Mis à jour le 02/09/2020

Roland Blass, de la société  Blass Consulting et prestataire agréé de BCI, nous propose un récapitulatif des aides mises en place en Allemagne pour soutenir les entreprises face à la crise du coronavirus.

Situation actuelle en Allemagne – chiffres actuels, premiers signes d’une reprise

Selon un communiqué publié le 1er septembre 2020 par le Ministre de l’Économie (BMWI), le gouvernement allemand revoit à la hausse ses prévisions économiques pour cette année en ramenant la contraction attendue du produit intérieur brut (PIB) à 5,8 % (contre 6,2% prévu initialement).

L’économie allemande s’est contractée de – 9,7% au deuxième trimestre, une baisse sans précédent certes, mais qui a été moins importante que redoutée encore en mai, au plus fort de la crise (prévision antérieure de – 12,2%).

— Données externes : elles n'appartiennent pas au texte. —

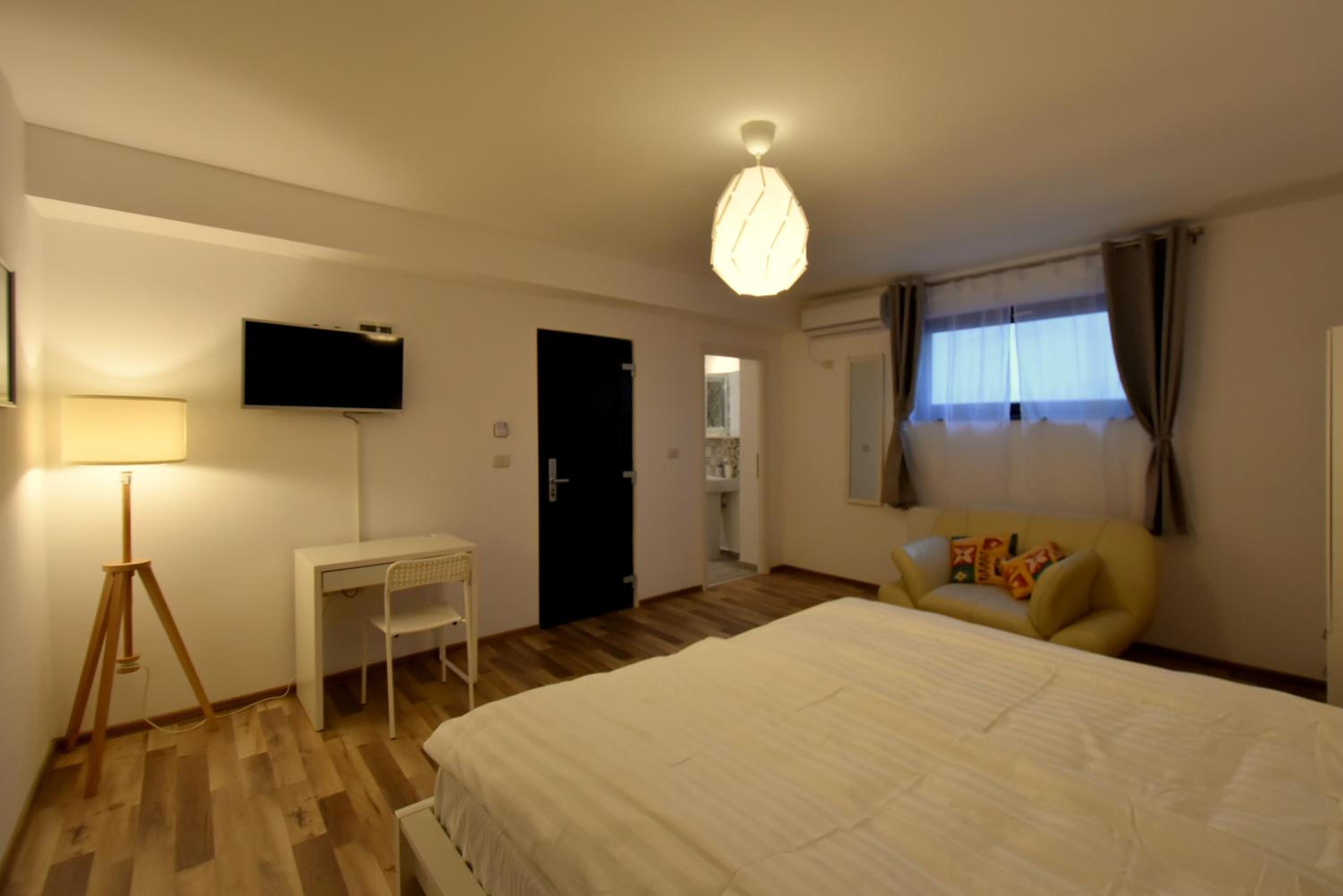 One-Bedroom Apartment - Photo 7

Le dernier chiffre publié fait état de 5,36 millions de salariés concernés par le chômage partiel en juin 2020.

Le nombre de chômeurs a été de 2,95 millions de personnes fin août, ce qui correspond à une augmentation de 636.000 personnes par rapport à la même période de l’année précédente. Le taux de chômage passe ainsi à 6,4% (contre 5,1% en 08/2019).

Selon l’Office fédérale de la statistique (25.08.20), le déficit des comptes publics a atteint 51,6 milliards d’euros de janvier à juin, ce qui représente 3,2% du PIB allemand sur cette période de référence (contre un excédent de 46,5 milliards d’euros au premier semestre 2019).

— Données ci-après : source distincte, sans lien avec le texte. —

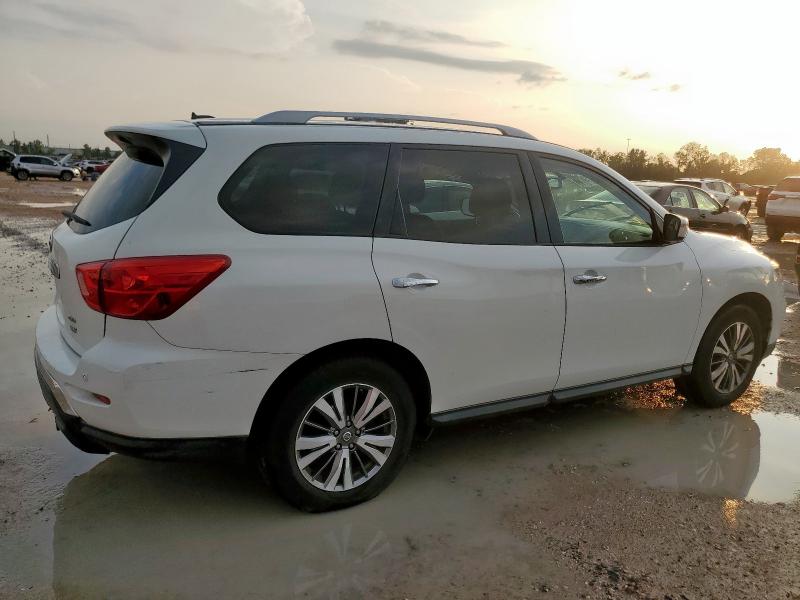 Photo 3 from auction – 2018 NISSAN PATHFINDER with VIN 5N1DR2MMXJC647078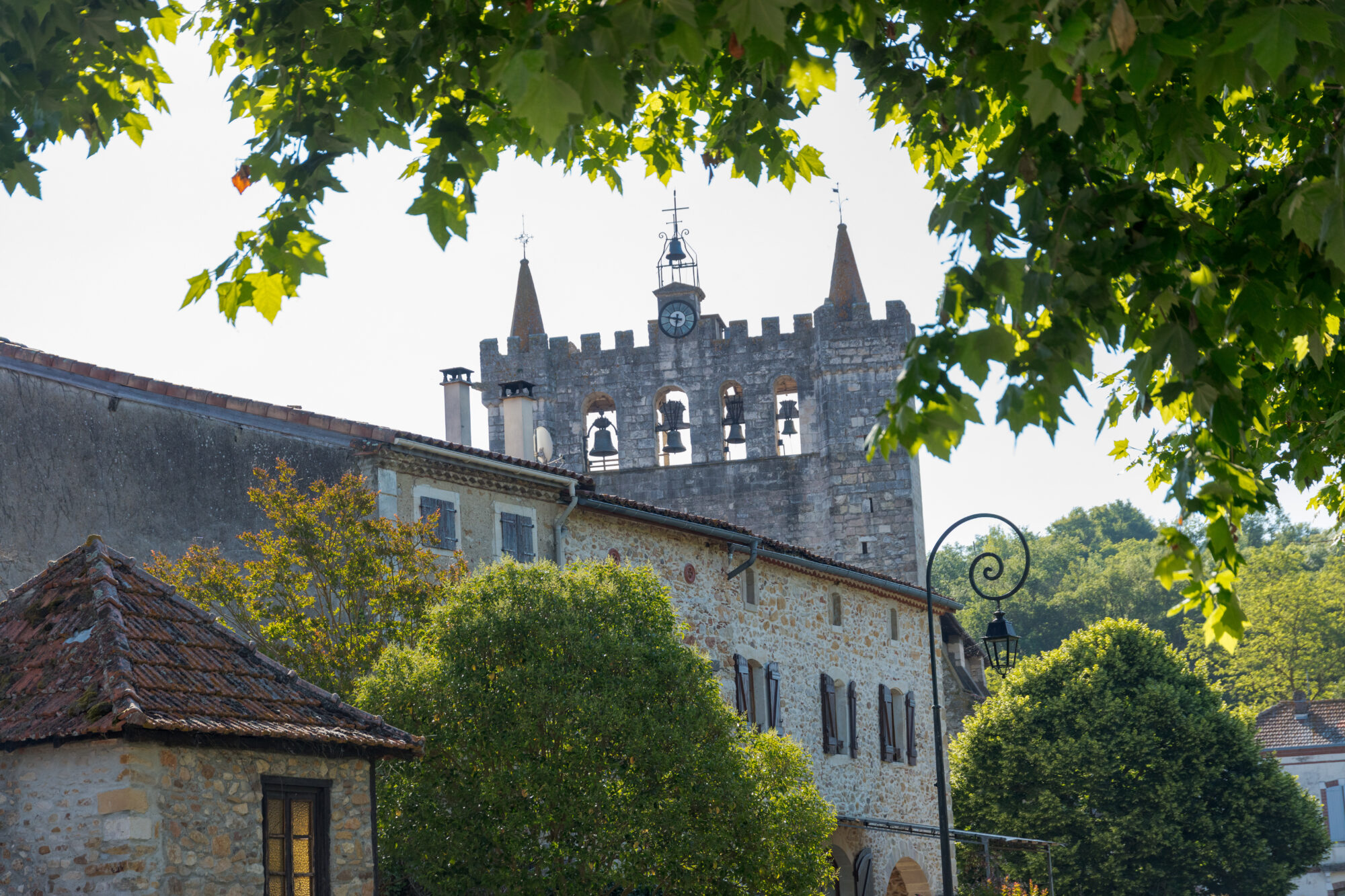 Clocher fortifié et maisons en pierre, Office de Tourisme Cœur de Garonne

Pour 2021, le gouvernement allemand s’attend à une croissance de 4,4 %.

Les données économiques de ces dernières semaines font en effet naître l’espoir d’une reprise de l’économie allemande: le climat des affaires (selon l’indice IFO) a ainsi fait apparaître une remontée nette du  moral des investisseurs, notamment dans les secteurs de l’industrie et des services, progressant ainsi pour le quatrième mois consécutif.

Les actions du gouvernement allemand

Afin de soutenir cette reprise, les partis de la coalition gouvernementale en Allemagne ont convenus mardi 25 août de prolonger les mesures destinées à compenser l’impact économique de la crise lié au coronavirus, dont l’aide au chômage partiel et le gel des règles d’insolvabilité.

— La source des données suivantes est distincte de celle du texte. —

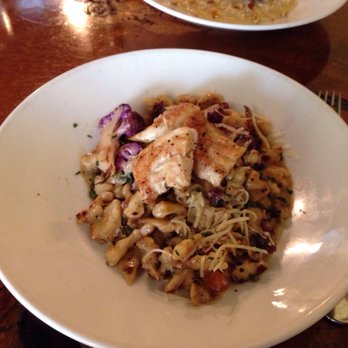 Elements Restaurant - Speatzli with fresh local vegetables and chicken added, yum! - Breakfast & Brunch Near Me - Vancouver, Washington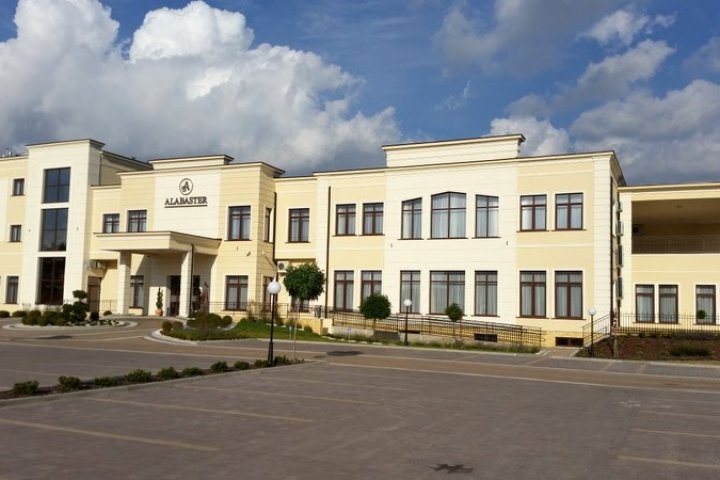 Rezydencja Alabaster****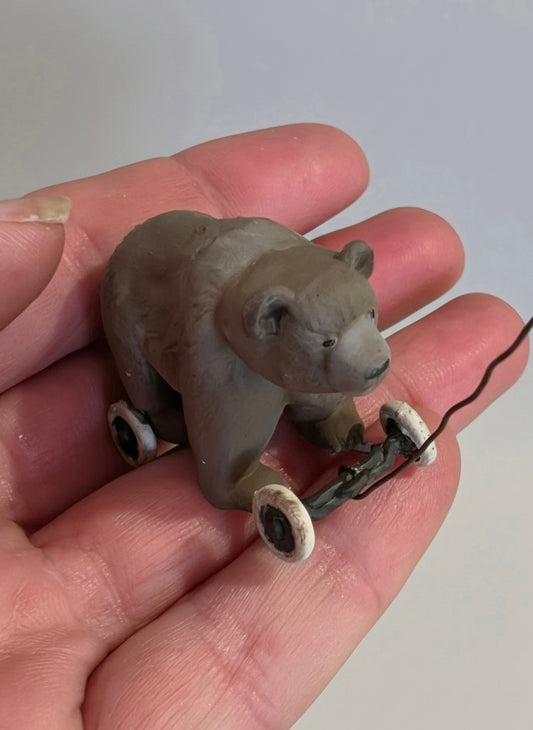 Miniatuur Oude Speelgoedbeer op Wielen – Nostalgische Brocante Charme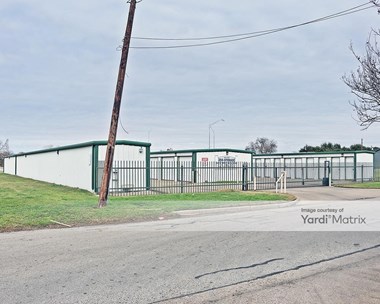 Storage Units for Rent available at 1215 Baylor Avenue, Waco, TX 76706 Photo Gallery 1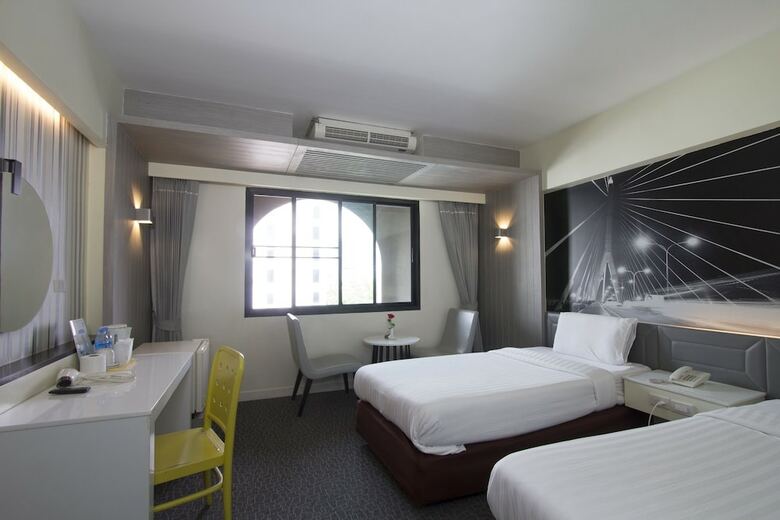 Rd Hotel
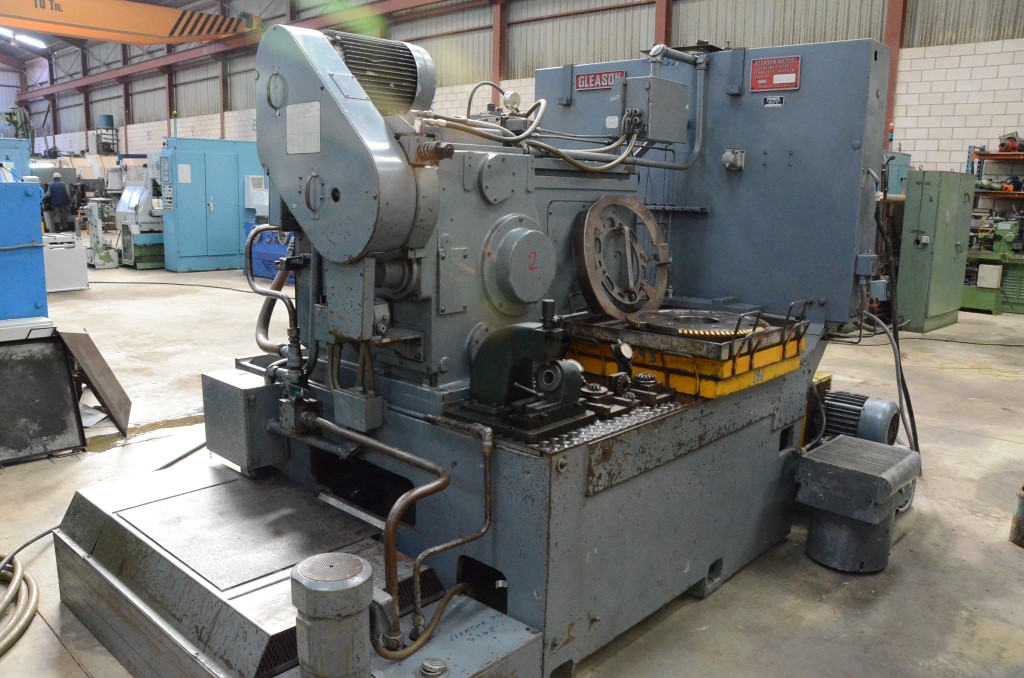 Usado GLEASON 726 Talladoras de grupos conicos #7345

En Allemagne, l’État prend en charge deux tiers environ du salaire dans le cadre du chômage partiel. Selon l’accord de la semaine dernière, le dispositif sera désormais applicable pendant 24 mois (au lieu de la période maximale de douze mois initialement en vigueur.

Le montant perçu par les salariés à titre d’indemnités est de 67% (60% sans enfant) du salaire net pendant les 3 premiers mois, 77% à partir du quatrième mois (70% sans enfant) et de 87% à partir du septième mois (80% sans enfant).

Parmi les autres décisions, figurent principalement l’extension jusqu’à fin 2021 de l’aide pour les contrats de travail à temps réduit et l’extension jusqu’à la fin de l’année des subventions pour les PME.

Les partis de la coalition ont aussi décidé de prolonger les mesures destinées à limiter les faillites en autorisant les entreprises en difficulté financière à cause de la crise sanitaire à reporter les procédures d’insolvabilité jusqu’à la fin de l’année 2020 (date initiale: fin septembre).

Le gouvernement a également adopté une rallonge budgétaire massive, de plus de 130 milliards d’euros, dans l’objectif de redresser l’économie allemande.

Ces mesures ne font pas l’unanimité de l’ensemble des économistes: les critiques les plus sérieux visent notamment la prolongation du chômage partiel, dispositif qui risquerait de faire survivre des entreprises “zombies” qui ne seraient plus viables – ce qui mettrait un frein au changement structurel de l’économie.

Pour éviter une éventuelle envolée du chômage suite à des changements profonds – comme celui qui est en train de se faire dans le secteur automobile – le puissant syndicat allemand IG Metall a lancé récemment l’idée – très controversée – d’instaurer la semaine de travail de quatre jours, avec une compensation au niveau des salaires.